Deux dynamiques à scruter en priorité
Début de saison oblige, la grande interrogation porte sur la hiérarchie qui doit s’établir au sommet du classement provisoire de la Coupe du Monde de Descente VTT 2025 à Bielsko Biala. Pour ça, on pourrait s’y perdre, mais il y a deux dynamiques qui se croisent en ce début de saison 2025 : les retours de blessure, et la concurrence entre les tauliers et la jeune garde…
On le voit partout : la transition générationnelle est en train de s’installer. Les jeunes poussent fort. Très fort. Les chronos juniors s’approchent, parfois même rivalisent, les temps Élite. Jackson Goldstone et Jordan Williams en ont été les instigateurs il y a deux/trois ans. Lachlie Steven Mac-Nab, Max Alran, et Asa Vermette ont rejoint les rangs depuis… La densité chez les garçons comme chez les filles est dingue. Et ce n’est pas une vague passagère : cette fois, la régularité semble suivre.

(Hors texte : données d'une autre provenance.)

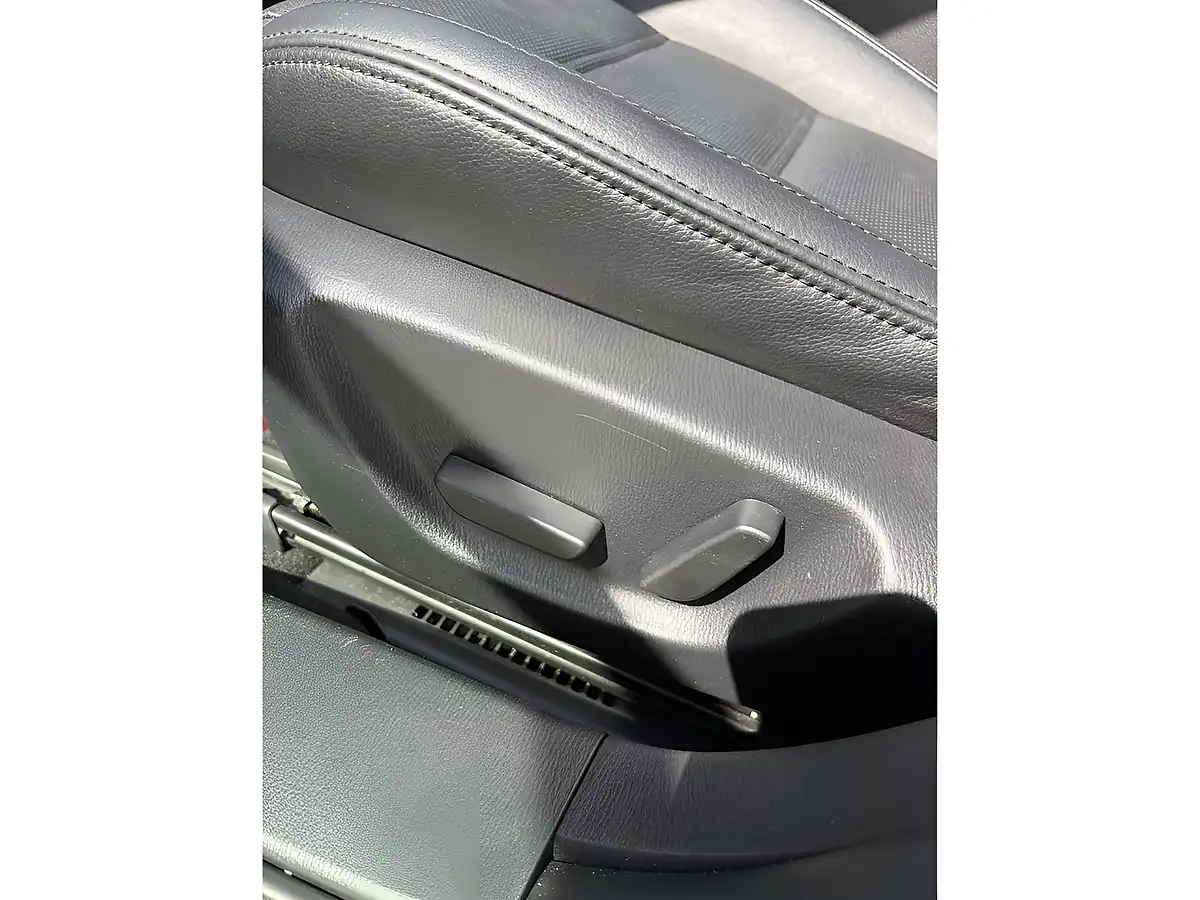 Used 2015 Mazda Mazda6 Sport Nav White - Interior and Exterior details 13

Les jeunes prennent leur place, et certains anciens s’en nourrissent. Loris Vergier le dit lui-même : il observe, il apprend, il prend l’énergie. Il s’inspire des jeunes de son équipe. Sauf qu’en face, les anciens sont encore là. Bruni, Pierron, Coulange, Hart ou Kerr ne veulent rien lâcher. Le niveau monte pour tout le monde, et c’est peut-être ça, le vrai moteur du spectacle à venir.

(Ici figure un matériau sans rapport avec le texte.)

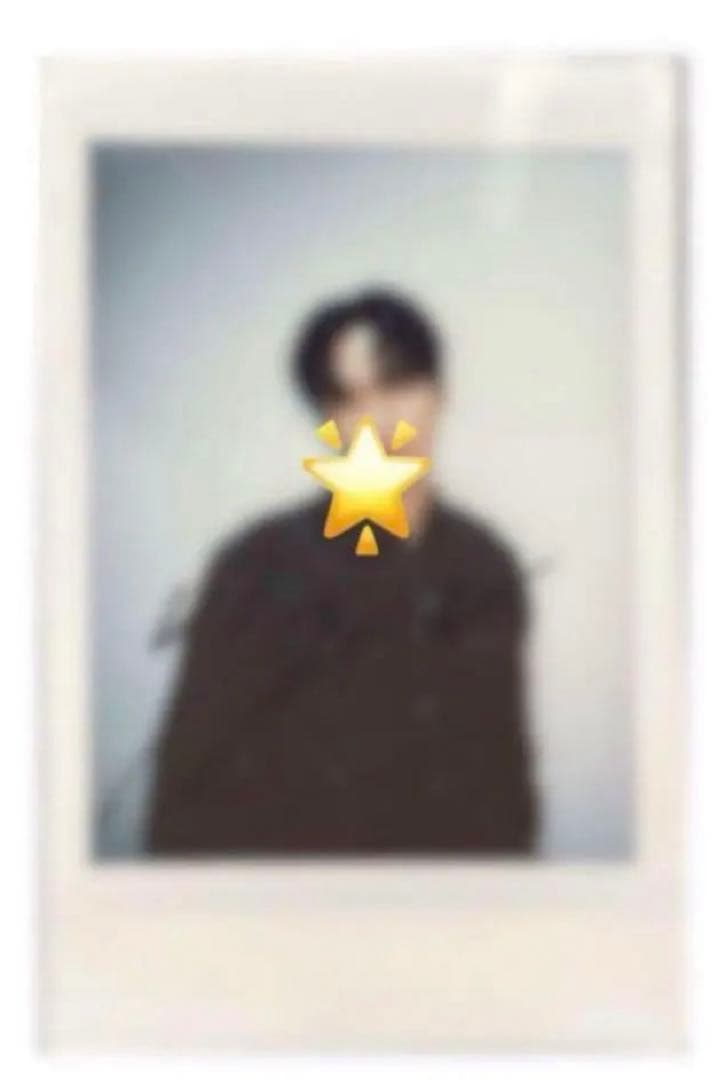 THE BOYZ サイン入りポラロイドTHE STEALER チェキジュヨン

Mais entre l’ambition des uns et l’expérience des autres, l’état de forme post-blessure va jouer un rôle central. Car depuis l’hiver, ils sont nombreux à être passés par la case “repos forcé” : Bruni, Iles, Blewitt, Pierron, Dooley, Vergier, Dunne, Maples, Norton, Williamson, Levesque, Van Leven… et même Goldstone, si l’on intègre le fait qu’il revienne après une saison blanche… Cette longue liste fait passer certains pour de véritables rescapés – à l’image de Benoît Coulange – qui débarquent sans pépin, mais ne comptent pas sur les blessures des autres. “Tout le monde est très fort”, dit-il. Et il a raison. Parce qu’avec dix manches à courir, les faux départs se rattrapent, mais il ne faudra pas traîner. Dès ce week-end à Bielsko-Biała, les premières vérités doivent tomber. Et on saura qui, des tauliers ou de la relève, a les meilleures cartes en main.